→ **WORK TASK**
Starting at the line containing "Frontier Bivouac [Tarkir: Dragonstorm]" and ending at the line containing "Nakamichi W9 To", transcribe the listing below exactly. Keep both end lines, skip the pictures, and copy nothing else.

→ **EXERCISE MATERIALS**
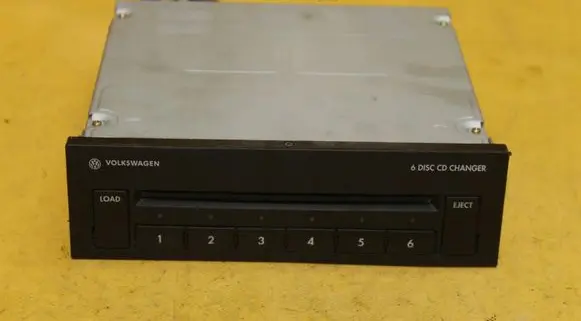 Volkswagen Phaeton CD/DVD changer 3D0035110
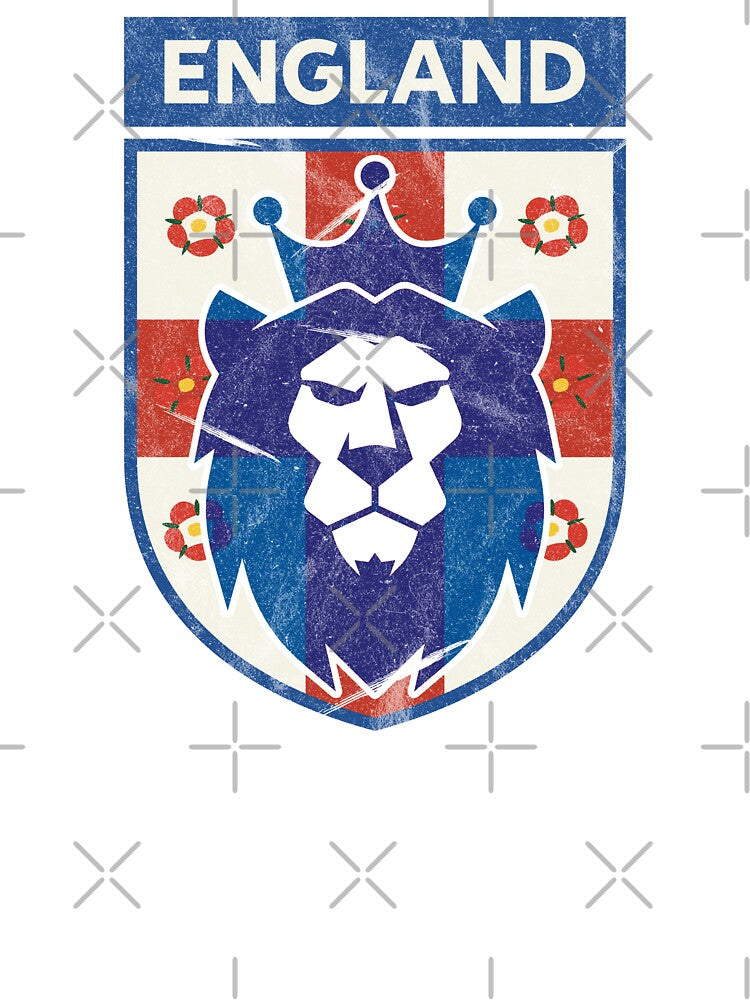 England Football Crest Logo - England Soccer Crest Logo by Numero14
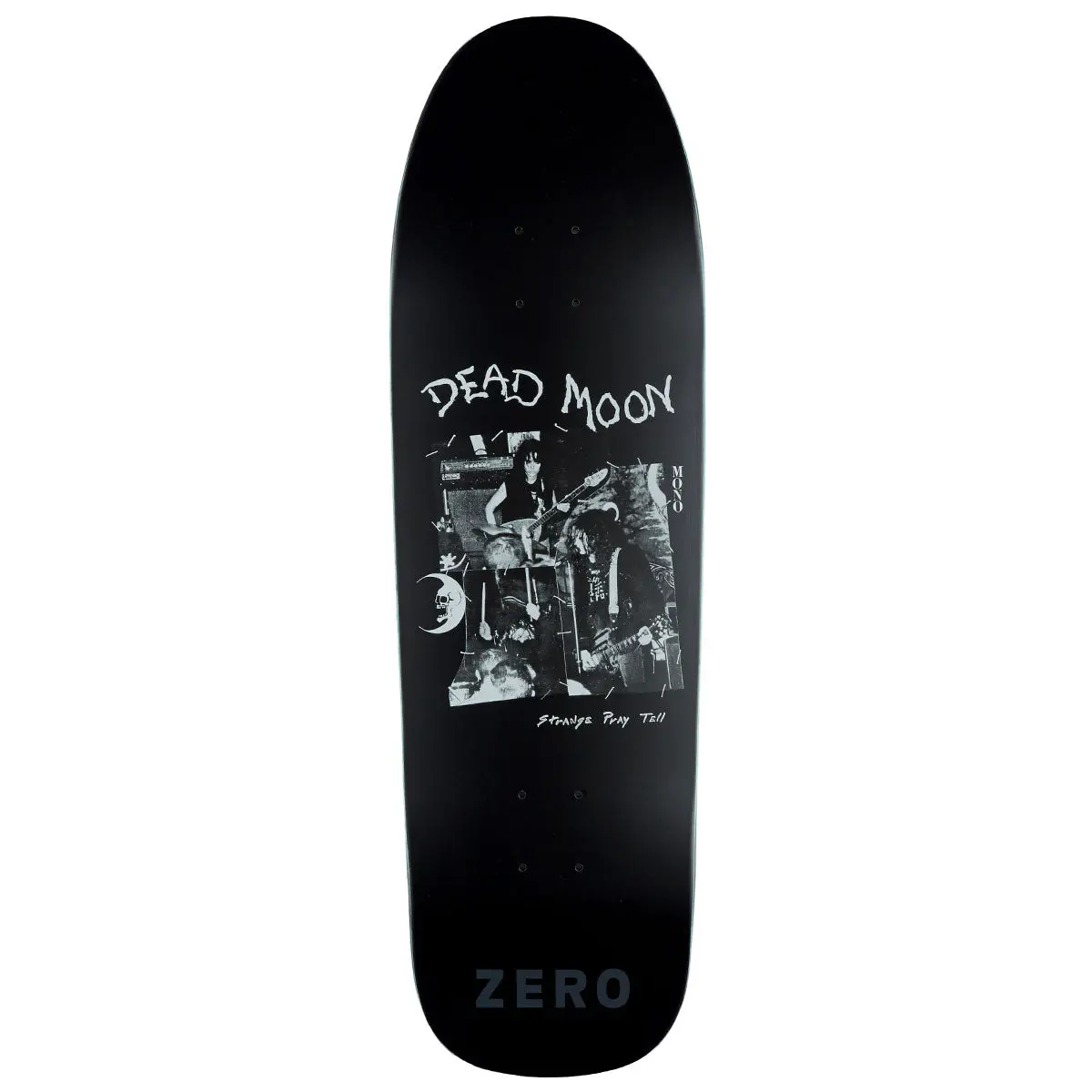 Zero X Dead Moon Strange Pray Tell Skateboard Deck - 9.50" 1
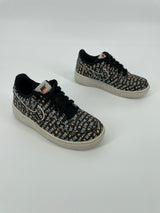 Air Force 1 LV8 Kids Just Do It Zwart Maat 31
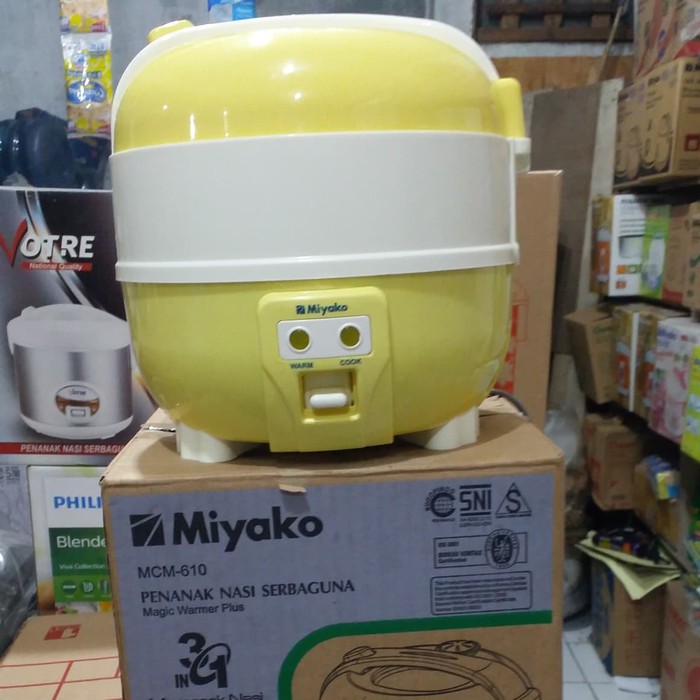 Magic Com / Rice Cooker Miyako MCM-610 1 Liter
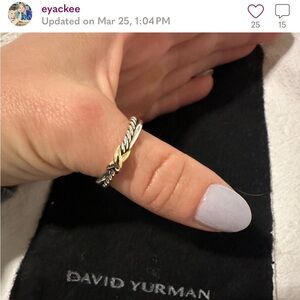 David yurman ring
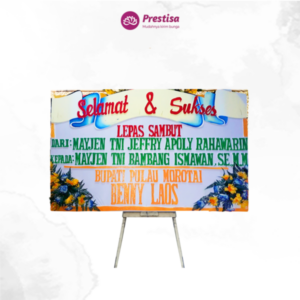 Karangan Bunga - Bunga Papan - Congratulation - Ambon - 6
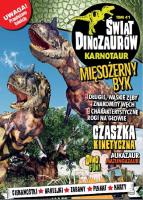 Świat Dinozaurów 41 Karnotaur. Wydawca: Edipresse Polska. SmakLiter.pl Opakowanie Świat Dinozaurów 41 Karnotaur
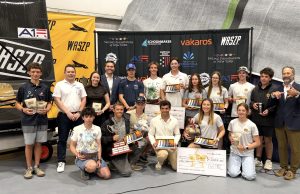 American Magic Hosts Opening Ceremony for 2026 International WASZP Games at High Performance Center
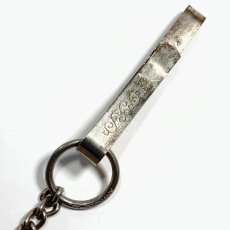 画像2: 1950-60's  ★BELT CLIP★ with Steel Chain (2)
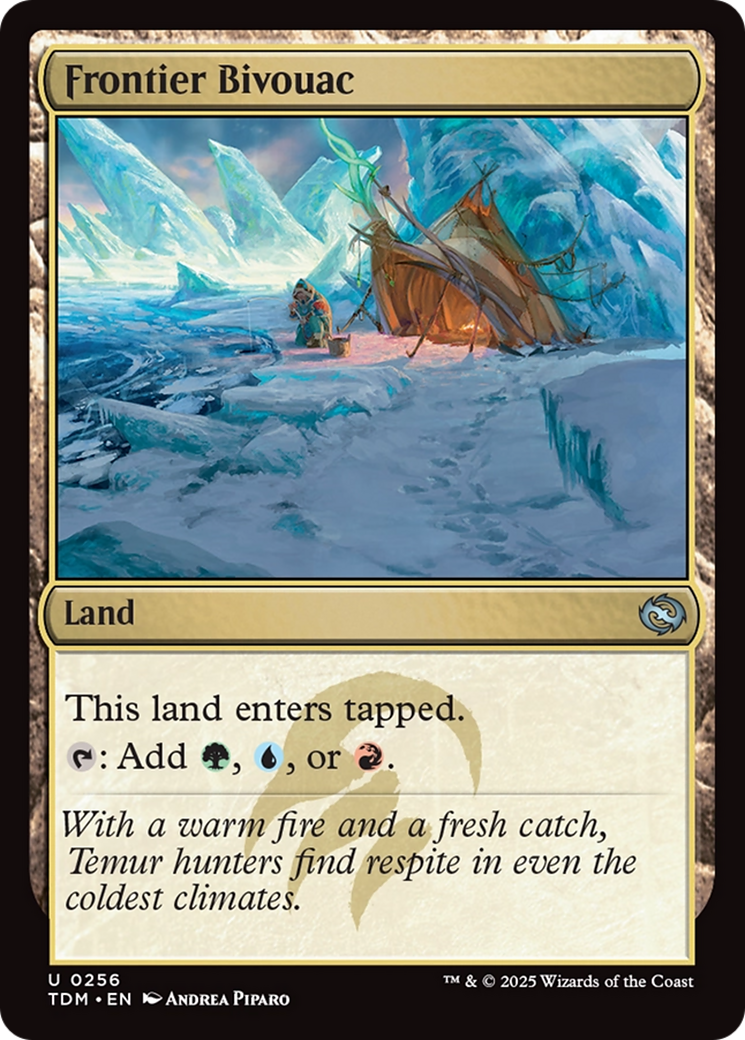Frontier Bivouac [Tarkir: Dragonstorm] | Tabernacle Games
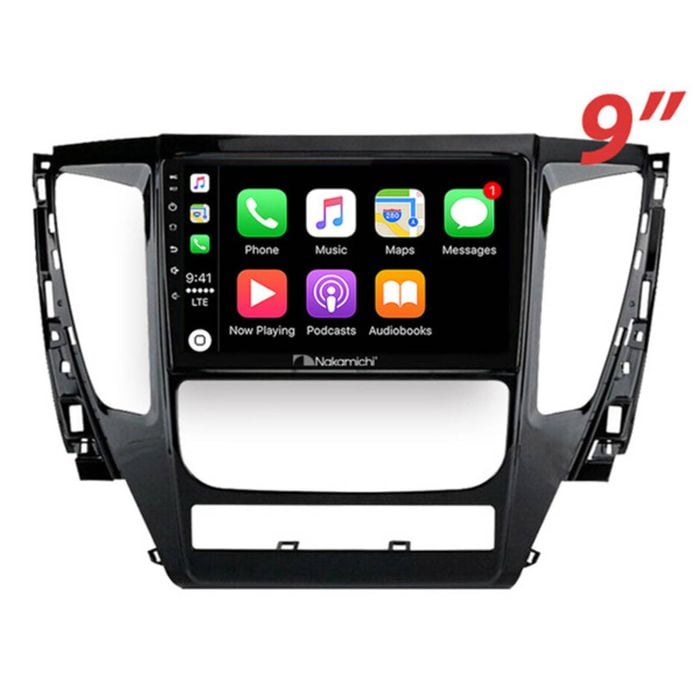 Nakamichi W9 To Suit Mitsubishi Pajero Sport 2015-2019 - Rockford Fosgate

--

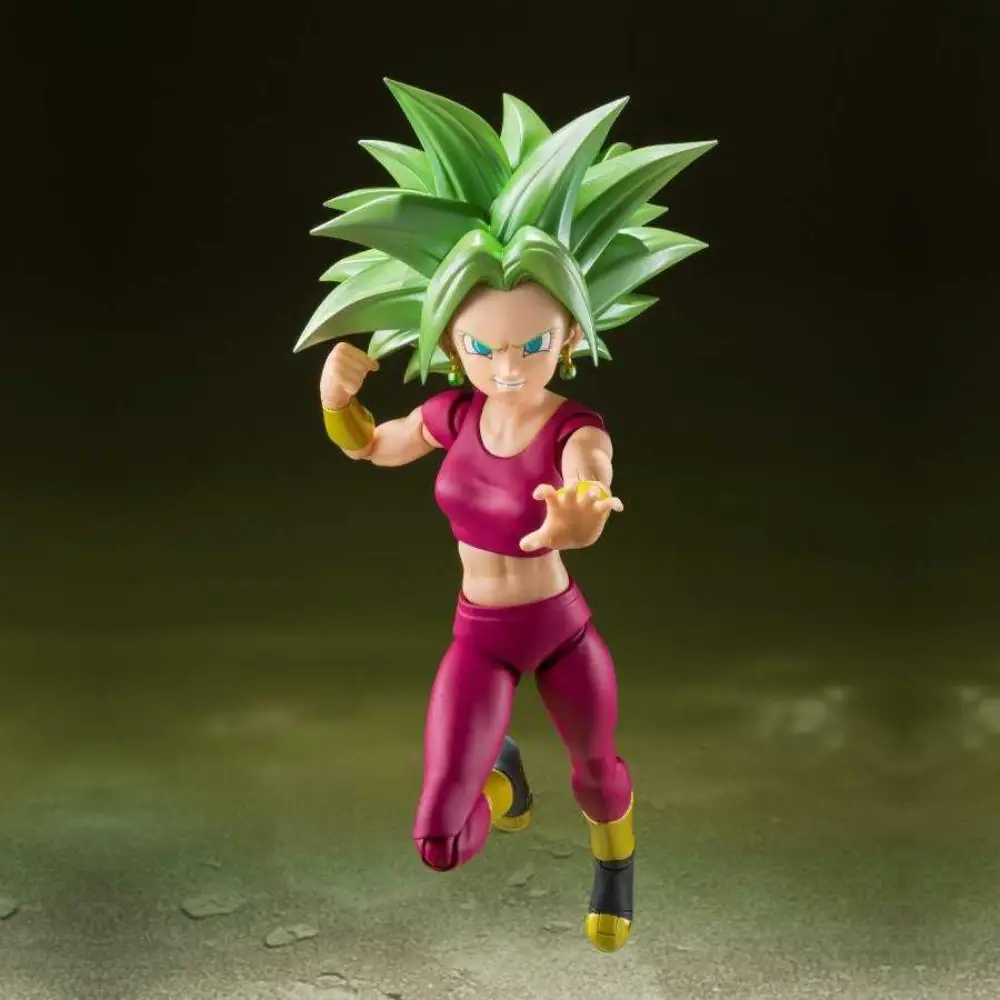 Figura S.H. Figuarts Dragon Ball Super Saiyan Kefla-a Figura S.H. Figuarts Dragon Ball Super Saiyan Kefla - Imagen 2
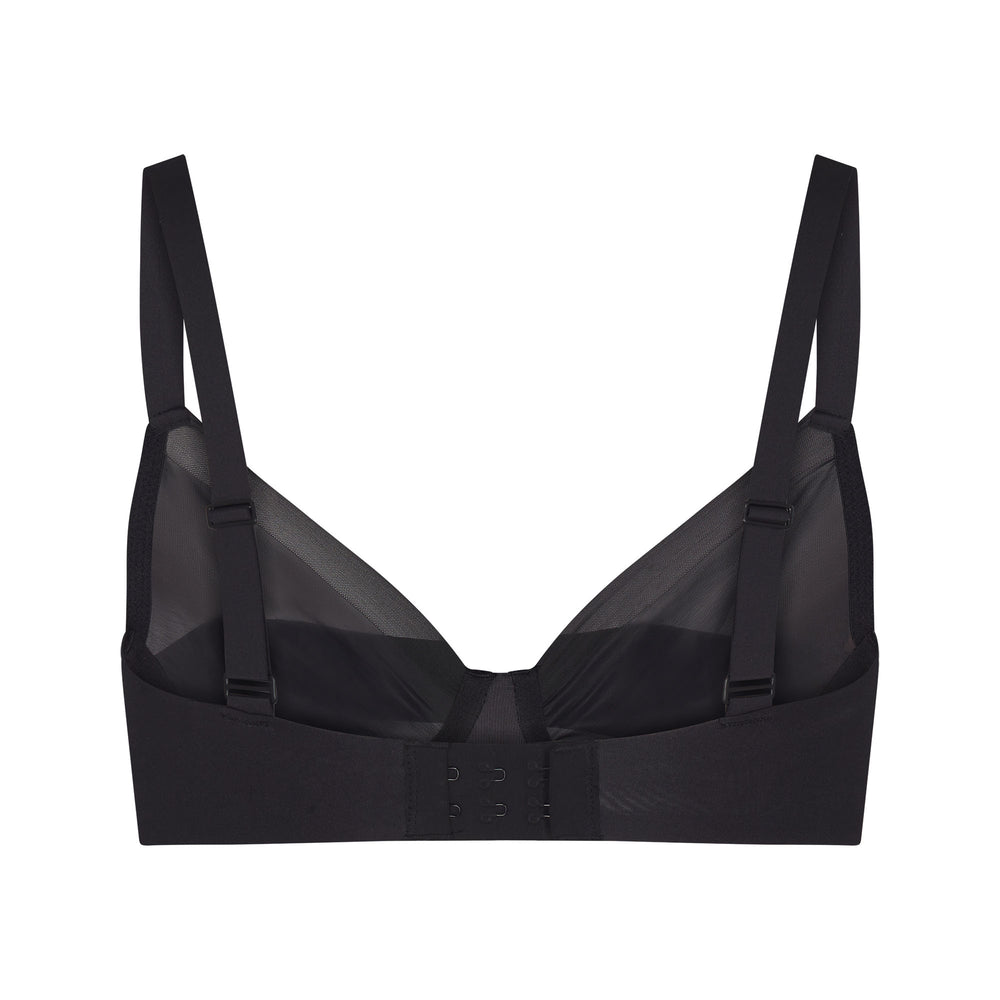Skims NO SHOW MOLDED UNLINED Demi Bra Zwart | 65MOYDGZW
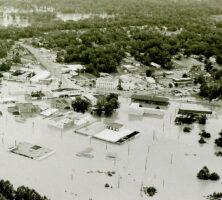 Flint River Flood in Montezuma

→ **SOLUTION**
Frontier Bivouac [Tarkir: Dragonstorm] | Tabernacle Games
 Nakamichi W9 To Suit Mitsubishi Pajero Sport 2015-2019 - Rockford Fosgate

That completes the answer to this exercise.